◆ **YOUR OBJECTIVE**
Begin at the line that holds "棘の翼を持つゴシック城の墓地" and retype every line through the end of the material, both included. Leave out the pictures.

== INPUT MATERIAL

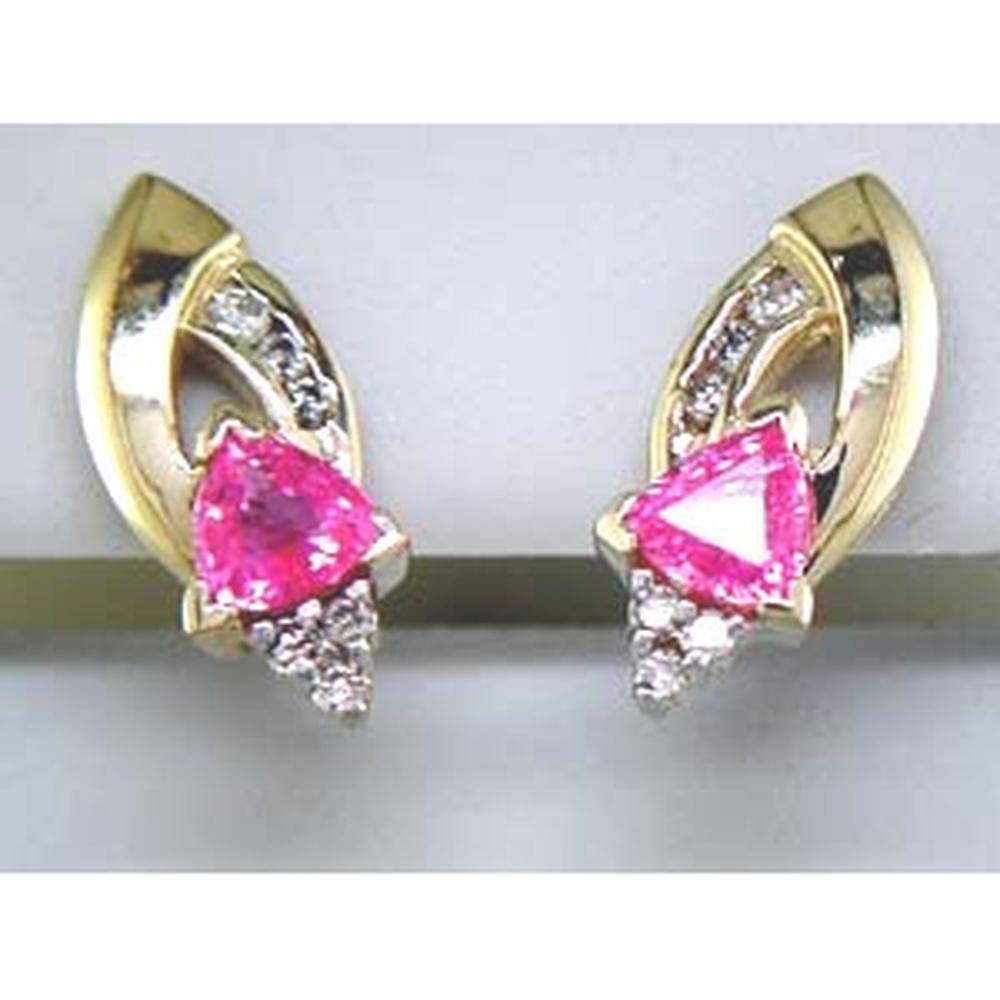 Royal 14K Yellow Gold Trillion Diamond & Pink Sapphire Earrings - 1.08 Carat Total Gem Weight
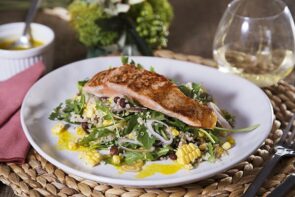 Salmon Quinoa Salad with Lemony Dressing Rocket, Corn and Black Beans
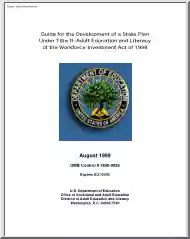 Guide for the Development of a State Plan Under Title II, Adult Education and Literacy of the Workforce Investment Act of 1998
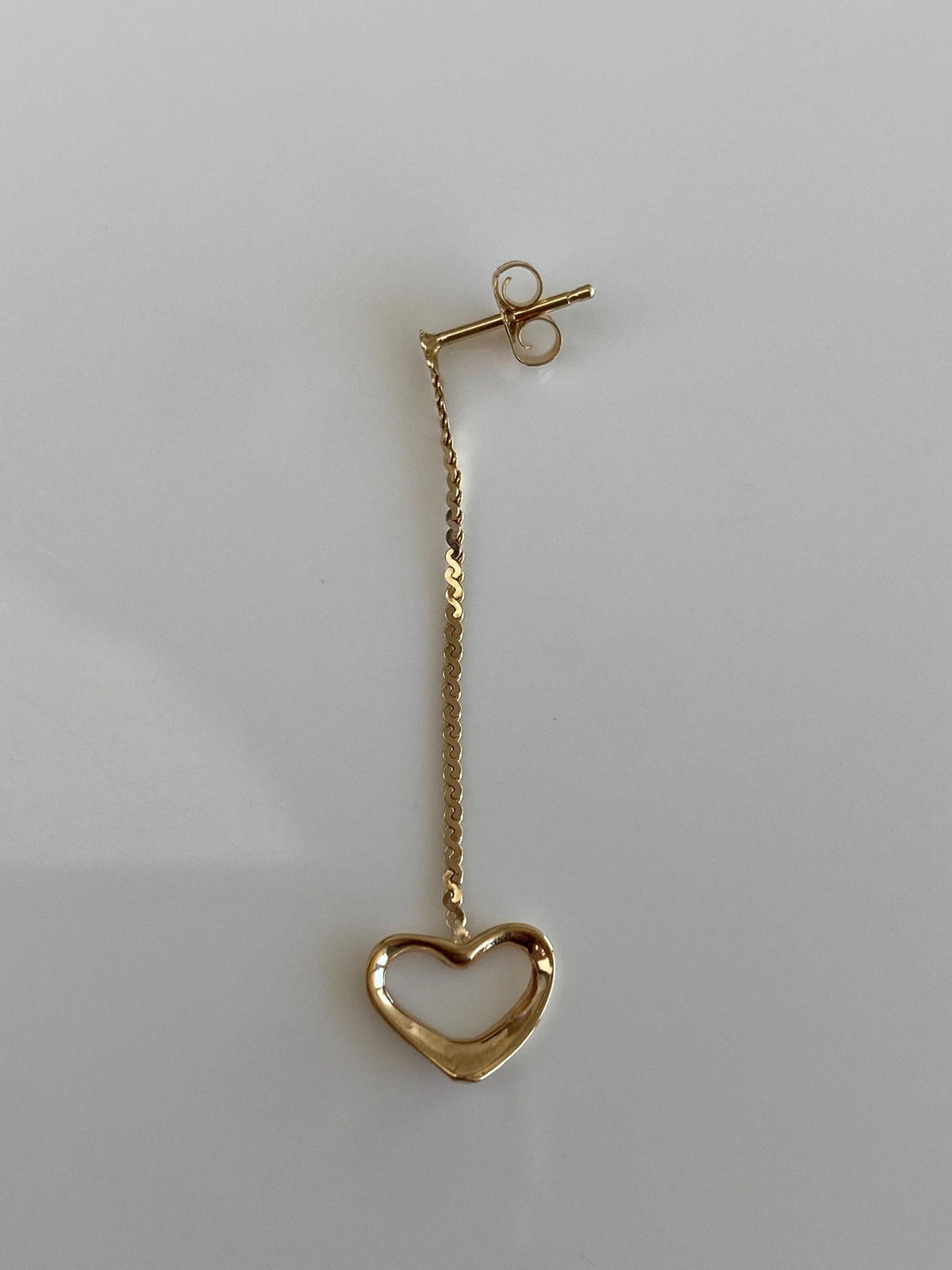 Vintage Solid 14k Yellow Gold SINGLE Open Heart Serpentine Chain Earring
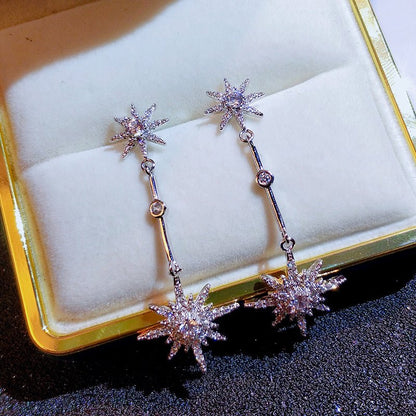 Eight Stars New Long Style Temperament Earrings Female Silver Needle-Jewearrings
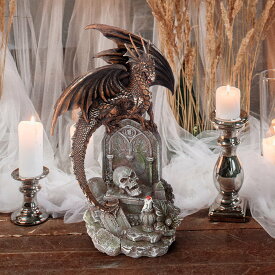 棘の翼を持つゴシック城の墓地のドラゴンの彫像置物フィギュア西洋風彫刻インテリアオブジェ書斎プレゼント贈り物輸入品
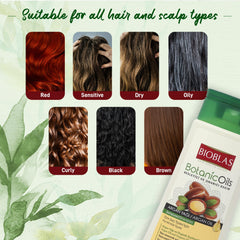 BIOBLAS Argan Oil & Organic Olive Oil Shampoo amber bottle conveys premium quality and care.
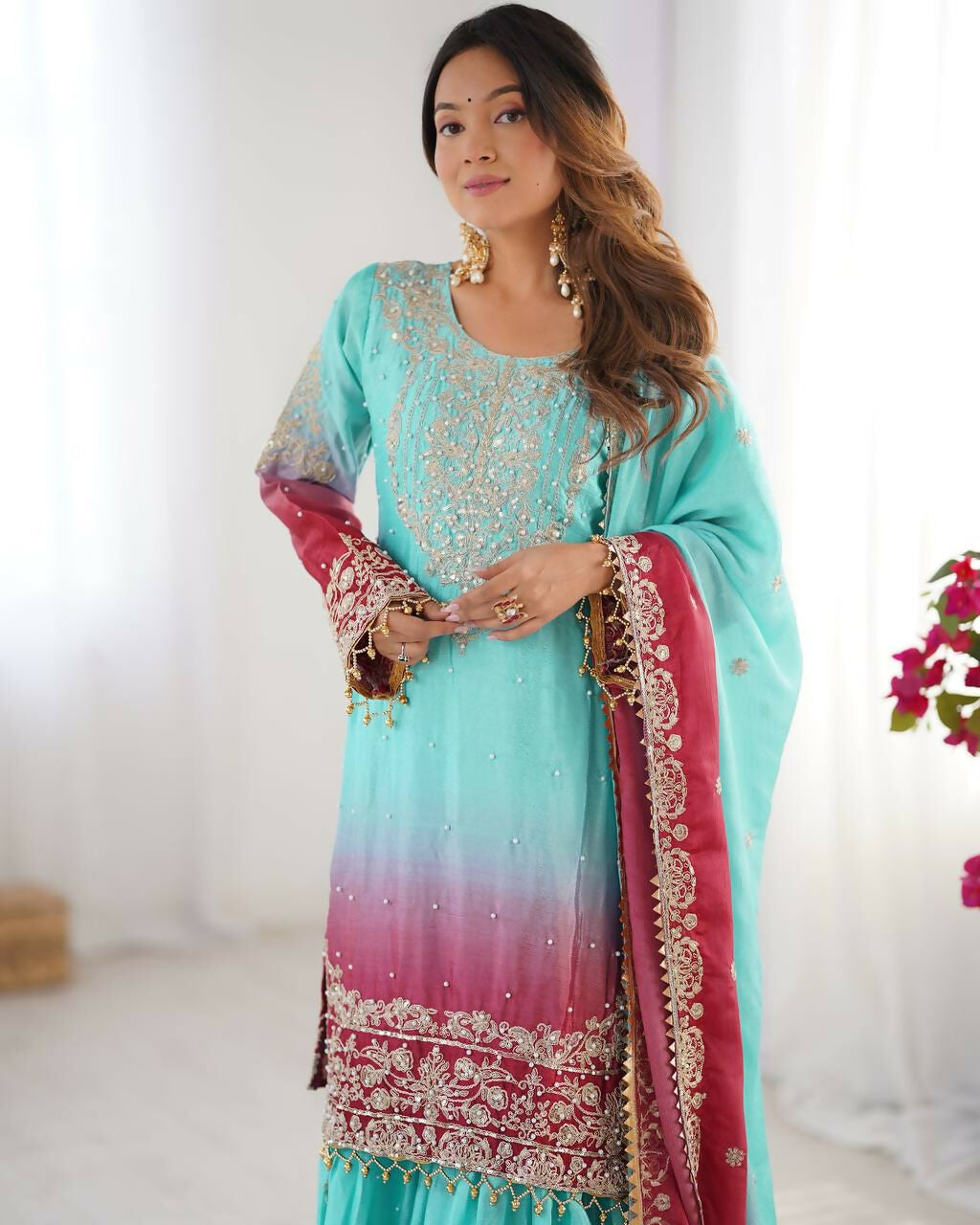 The52 Women's Beautiful Chinon silk Fabric Embroidery Work Straight Kurta Palazzo and Dupatta Set | Grocsy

====

◆ **EXERCISE SOLUTION**
 棘の翼を持つゴシック城の墓地のドラゴンの彫像置物フィギュア西洋風彫刻インテリアオブジェ書斎プレゼント贈り物輸入品
 BIOBLAS Argan Oil & Organic Olive Oil Shampoo amber bottle conveys premium quality and care.
 The52 Women's Beautiful Chinon silk Fabric Embroidery Work Straight Kurta Palazzo and Dupatta Set | Grocsy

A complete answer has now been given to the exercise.